2023年12月14日木曜日

学生大会2023

この記事はマイクロマウス Advent Calendar 2023 14日目の記事です。

昨日の記事は、はやぶささんの「ロボット紹介と先輩の話」でした。
先輩と切磋琢磨しながらレベルを上げていき、気付けばロボトレースの上位の世界へいくという非常に物語性のある読んでいて元気になる記事でした。reRoさんはコロナ明けあたりから耳にするようになった団体ですが、牽引している2人をはじめ今回の学生大会ではロボトレースの表彰台を独占するなど勢いもパワーも凄まじいですね。そして当日は観覧席で上から見ていましたが、最終出走のはやぶささんの唯一の4秒台のマシンの走り、会場の盛り上がり、圧巻でした。

さて、今年の学生大会について書いていきます。
※書きたいことを書いたらかなり長くなってしまったので、興味のあるところを中心に読むことをおすすめします。

競技結果

今回は2競技3台のエントリー。結果をまとめると

クラシックマウス Thunder: 優勝
マイクロマウス: Entrance_v2: 第2位 特別賞
マイクロマウス: Lightning: 最短できず

という感じでした。一言でいうと、クラシックは勝ちましたがマウスは負けました。



競技前の調整状況

大会の話に入る前に、軽く東日本大会の後にどのように開発していたかを書いておきましょう。主な開発はハードの動作確認のみ10月に済ませてあったクラシックマウスを実戦投入できるように、そちらのデバッグや調整を進めていました。
Lightningと同じ設計思想で製作したのでこれまで作ったソフトウェアのベースで短期間で間に合わせる...というのが狙いですが、当然そんなスムーズに進むわけもなく。
特にフェールセーフがうまくかからない調整初期に
マシンが暴走する
機体重量21gに対して相当高い出力が出せるので盛大に壁に衝突する
基板厚0.6 mmなので基板がたわむ
ファンが大破しセンサLEDのチップFETの足が折れる
といったハードトラブルに苦しめられ、ファンの在庫が手元に無くなったのでDMM即納で大会2週間切ったあたりに補充。
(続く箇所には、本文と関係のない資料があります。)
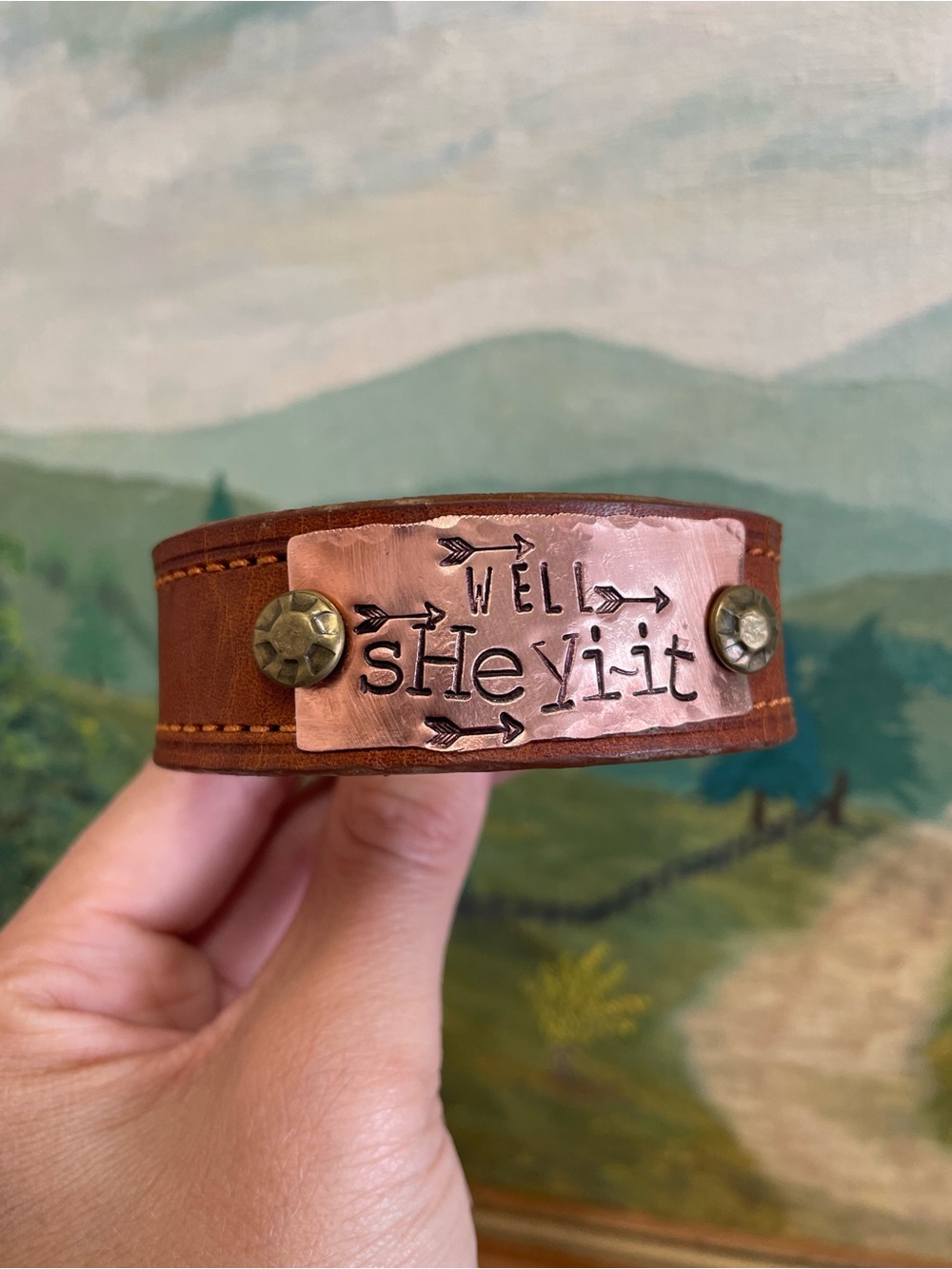 Handmade Brown Leather Cuff Bracelet with Copper Plate - "Well shyiiit"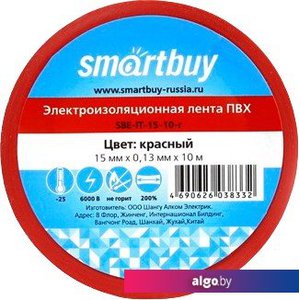 Изолента SmartBuy SBE-IT-15-10-r 10м (красный)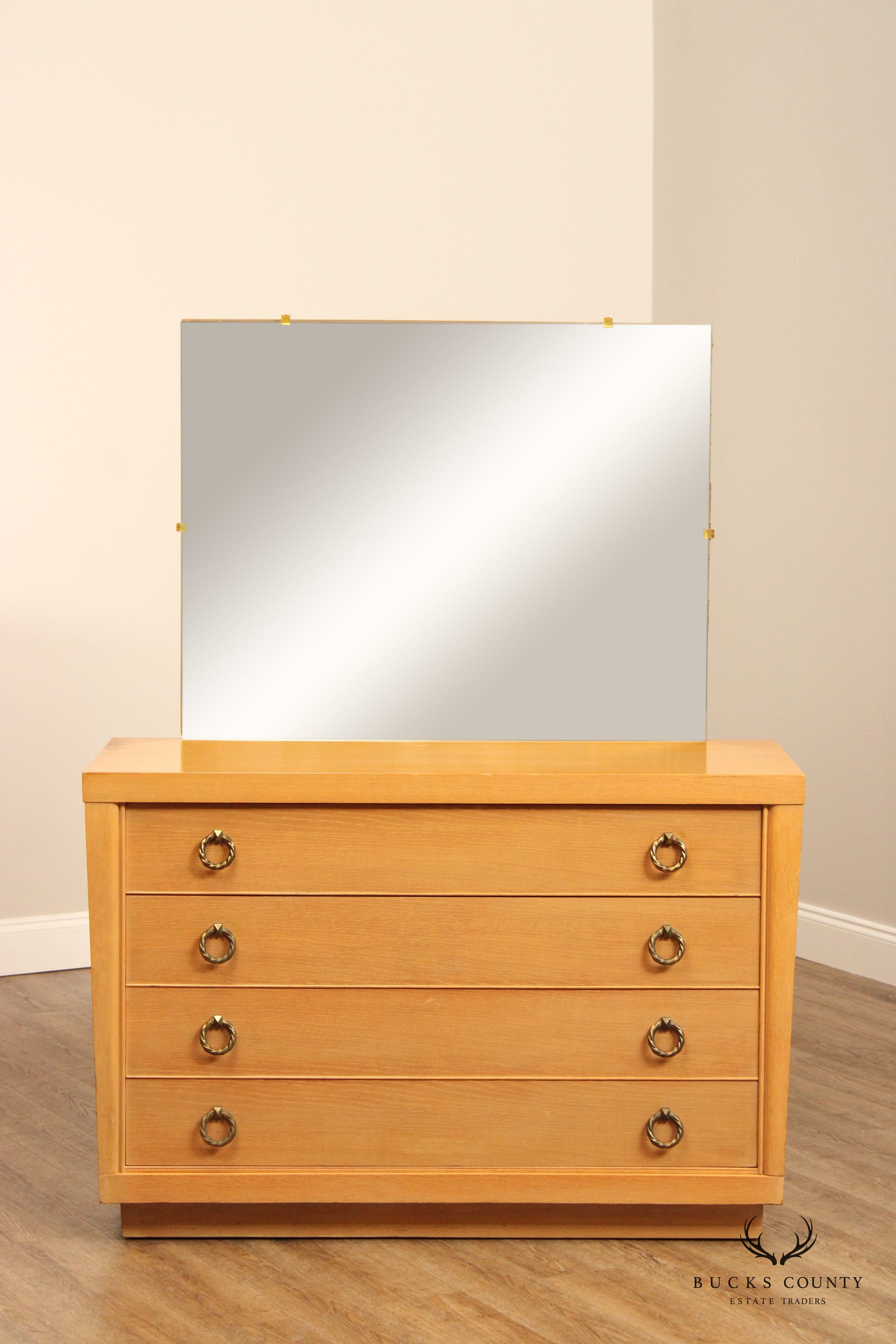 1950's Mid Century Modern Blonde Wood  Chest of Drawers with Mirror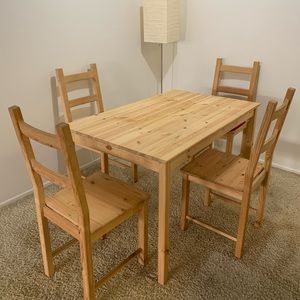 Dining table and chairs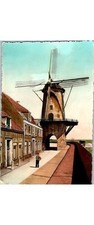 1955 Wijk bij Duurstede Postcard: Dutch Canal & Windmill Scene, Holland Stone
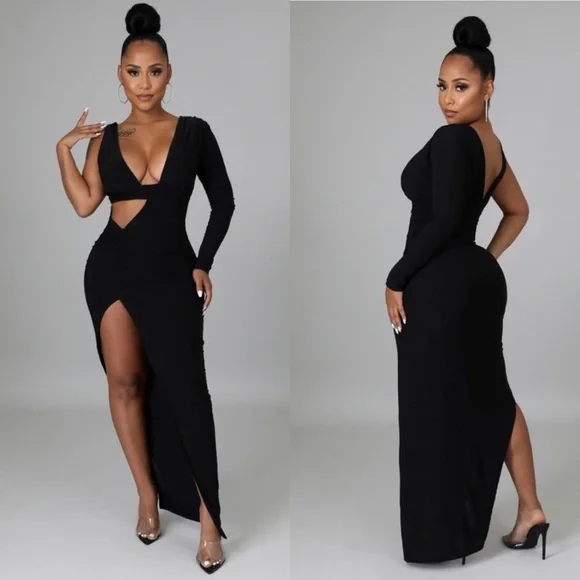 NEW TRENDY BLACK ONE SHOULDER FITTED MAXI DRESS - Picture 4 of 9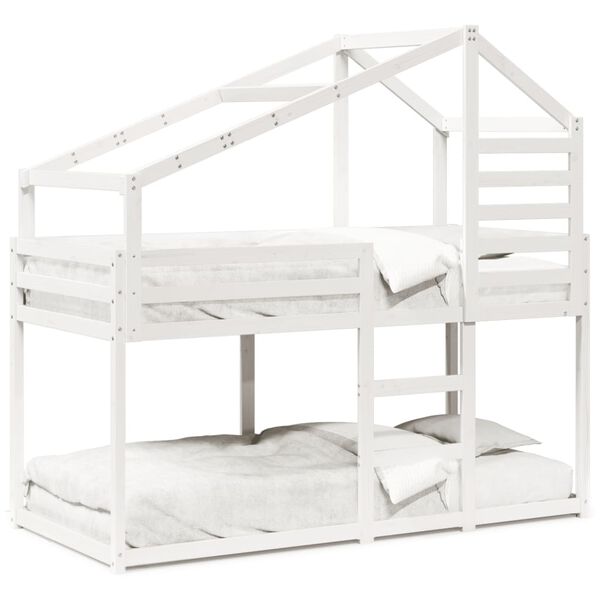 vidaXL Bunk Bed without Mattress White 90x190 cm Single Solid Wood Pine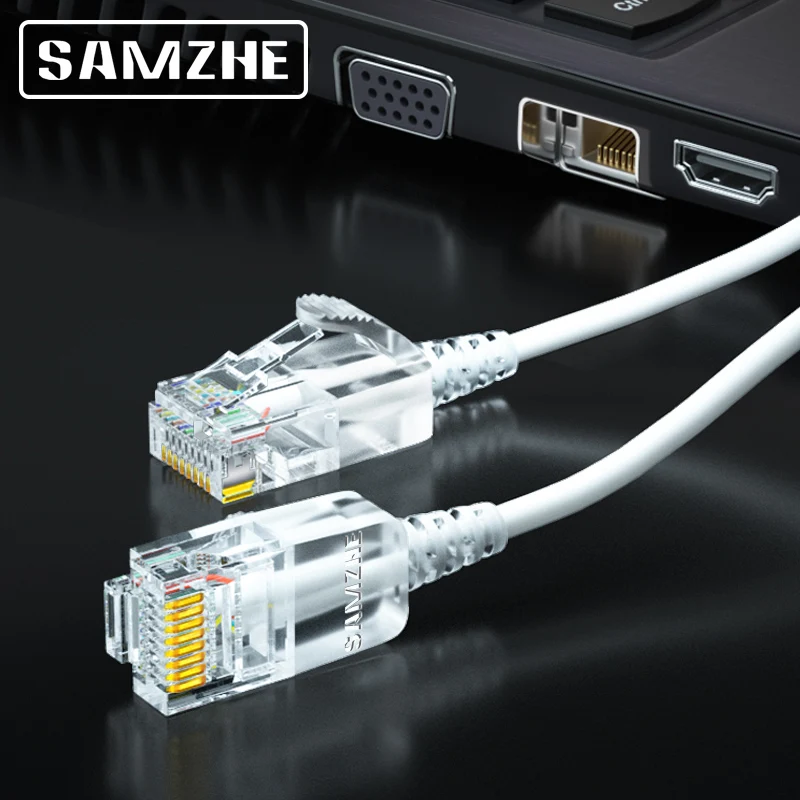 

SAMZHE Cat6A Ethernet Cable Ultrafine Cat 6 UTP Ethernet Patch Cable - Slim RJ45 Computer XBox Networking LAN Cords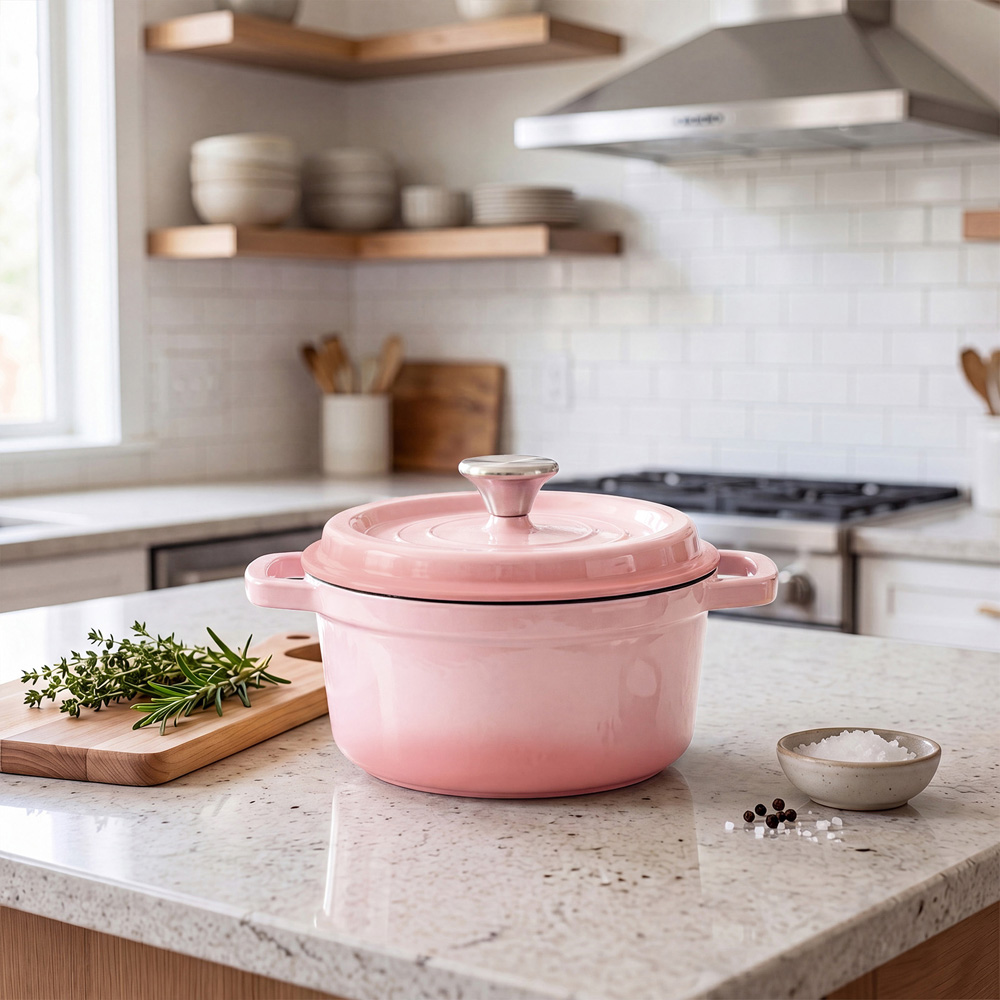 Living and Home Gradient Pink Enamelled Cast Iron Dutch Oven Pot 4L Image 2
同タイミングで風邪をひいて人間の方が壊れ始め...限界限界。咳が出て頭痛がしても家に迷路はあるので、気力を振り絞って何とか明らかにおかしそうなところは潰してクラシックの方は月曜日ぐらいに調整終了。

書き込みコネクタがもげたあと吸引ファンが大破して絶望する図
(ちなみに左センサLEDも光らなくなった)

翌日に替えのファンをまた割って在庫がなくなり再び絶望する図

そこからマイクロマウスの方の調整を始めたわけですが、以前からわかっていた吸引モーターを回すとIMUの出力になかなか嫌なノイズが載る問題を上手く解決できず。クラシックの方はIMUの周りに防振シートをはめ込むことでかなり改善したのですが、マウスの方はそれはあまり効果を示さずで、どうにかしたいと思いつつ残り時間と人間の残り体力的にどうすることもできず、東日本大会と2週間前のRT試走で走っている実績を信じて大きくは東日本と変わらない状態での参戦、という形となりました。

競技の感想

・クラシックマウス

迷路はこちら。2017年関西地区大会リバイバル。なかなか癖の強い迷路を持ってきたなというのが第一印象でしたね。出題者の方も競技開始時に話していましたが、迷路を隠していたカバー上からもうっすらと見えたロング斜め、これを攻略できるかにかかっている感じでしょう。
出走は午前最後ということで、後半のDCマウスの走りを見てからパラメータを決めるなんて悠長なことはできないので、1717モータを使うタイプのマシンでは逆立ちしても勝てないくらいのパラメータのみ入れた状態で走らせました。全面探索を問題なく完走し、4走とも期待通りのロング斜めを通るルートを選択して無事最短成功。2位の台湾勢の学生とも1秒以上の差をつけて唯一2秒台を出せ無事優勝となりました。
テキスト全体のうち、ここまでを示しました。